Go to the line below that contains "NERF N-Strike Transparente". From there to the end of the records, reproduce each line exactly, except the pictures.

___ INPUT FOR THIS TASK

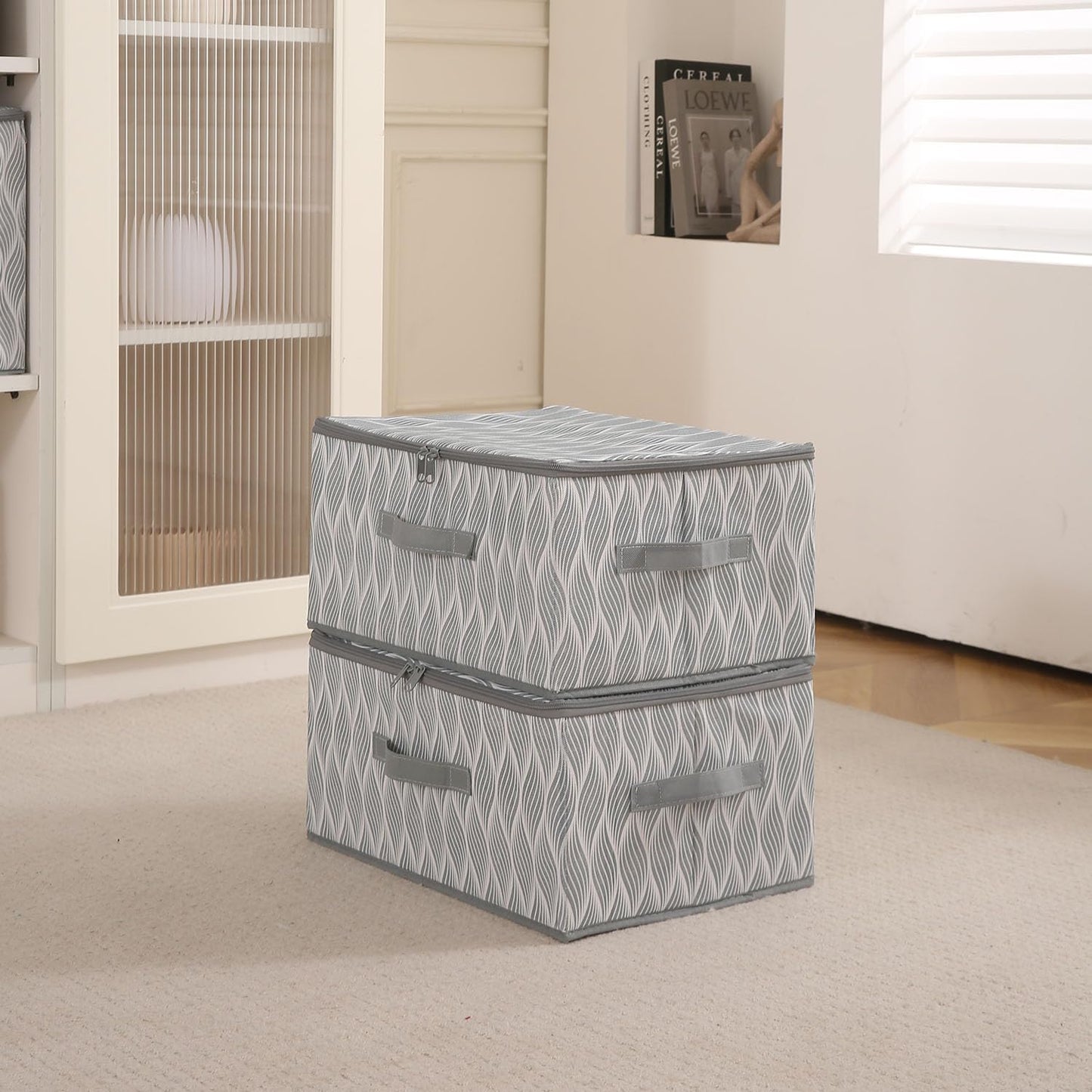 Foldable Clothes Organizer Box | Durable Non-Woven Storage with Zipper & Handle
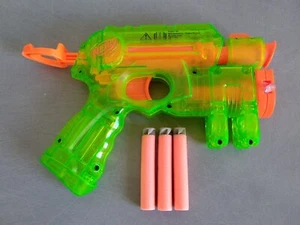 NERF N-Strike Transparente Verde Flúor + 3 Dardos - Luminoso Y Translúcido - Imagen 1 de 8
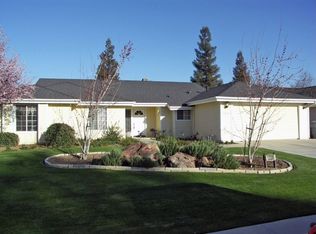 1230 N Newton Dr, Dinuba, CA 93618
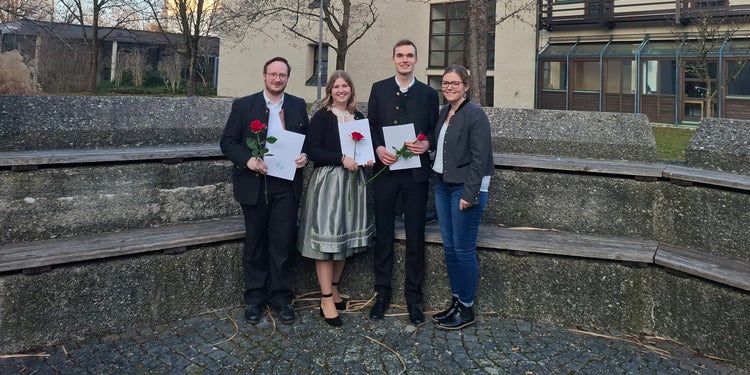 Foto mit den drei Staatspreisträgern Anna Oeckl, Martin Mayer, Felix Lechner und Frau Obermaier Maria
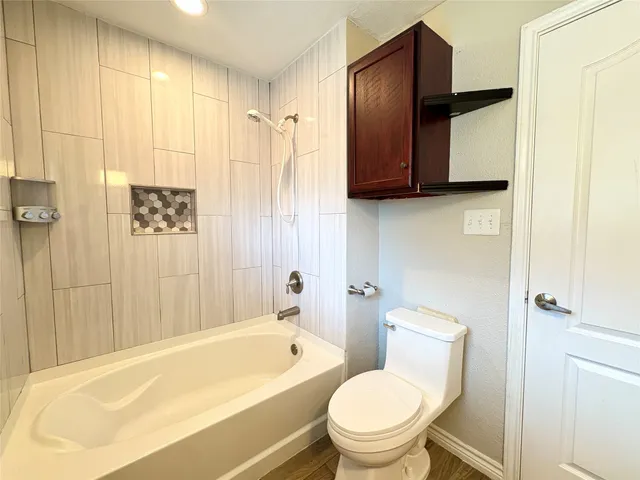 $1,650 | 1702 Baylor Avenue, Bay City, TX 77414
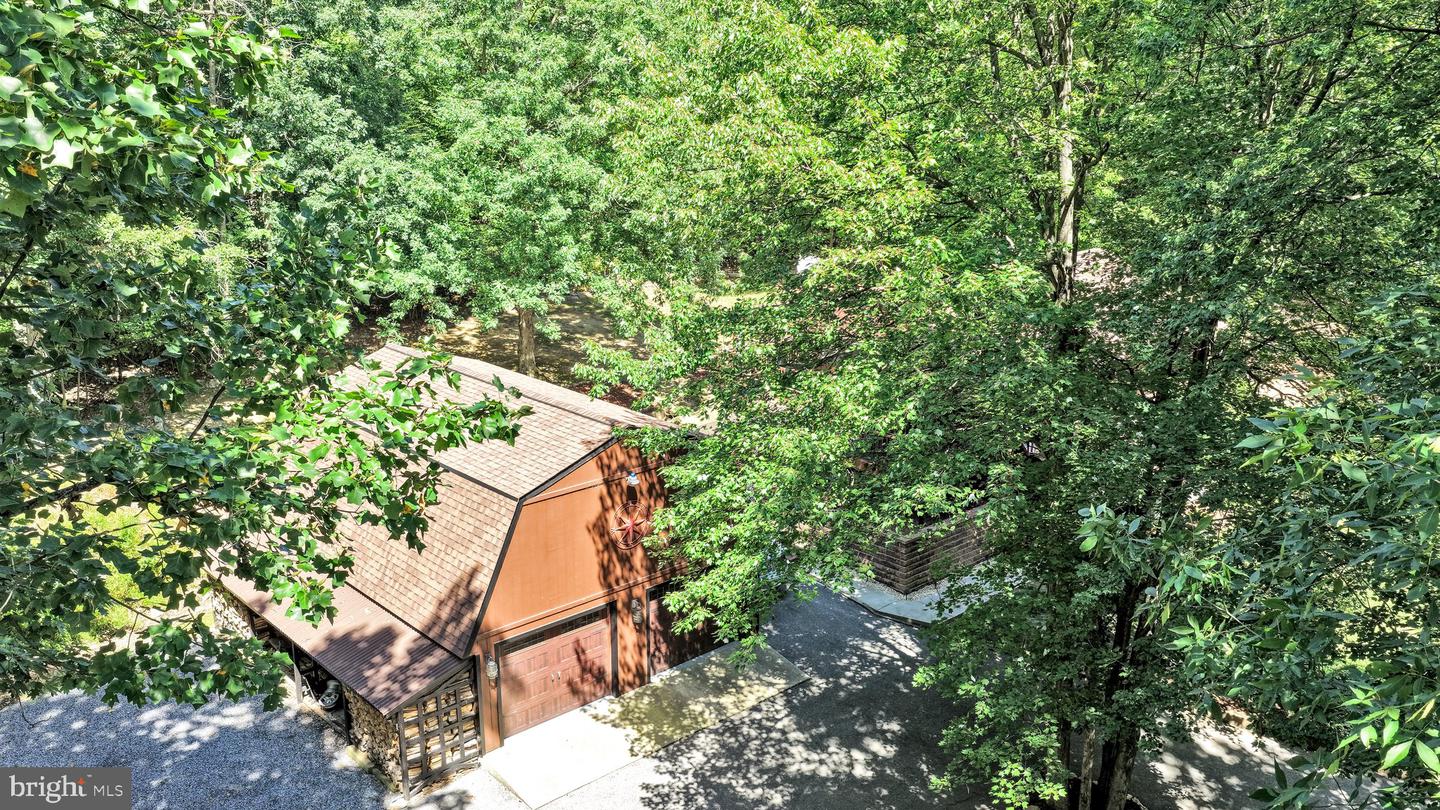 202 Stewart Ln Property Photo 9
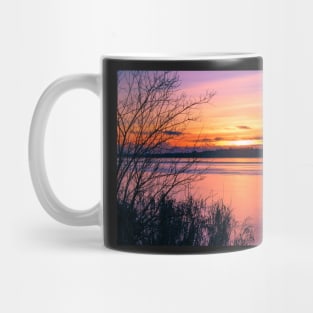 Frozen Scottish lake at sunset on a winter afternoon Mug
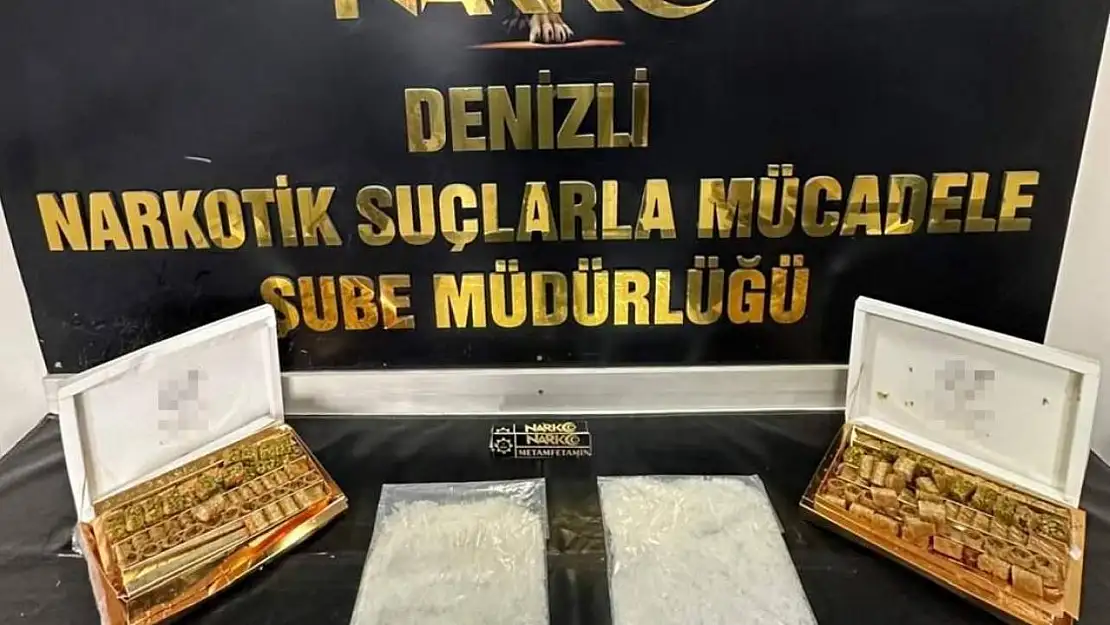 Üstü baklava ile kapatılmış tatlı kutuların içinden uyuşturucu çıktı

______

REPLY -
 NERF N-Strike Transparente Verde Flúor + 3 Dardos - Luminoso Y Translúcido - Imagen 1 de 8
 1230 N Newton Dr, Dinuba, CA 93618
 Foto mit den drei Staatspreisträgern Anna Oeckl, Martin Mayer, Felix Lechner und Frau Obermaier Maria
 $1,650 | 1702 Baylor Avenue, Bay City, TX 77414
 202 Stewart Ln Property Photo 9
 Frozen Scottish lake at sunset on a winter afternoon Mug
 Üstü baklava ile kapatılmış tatlı kutuların içinden uyuşturucu çıktı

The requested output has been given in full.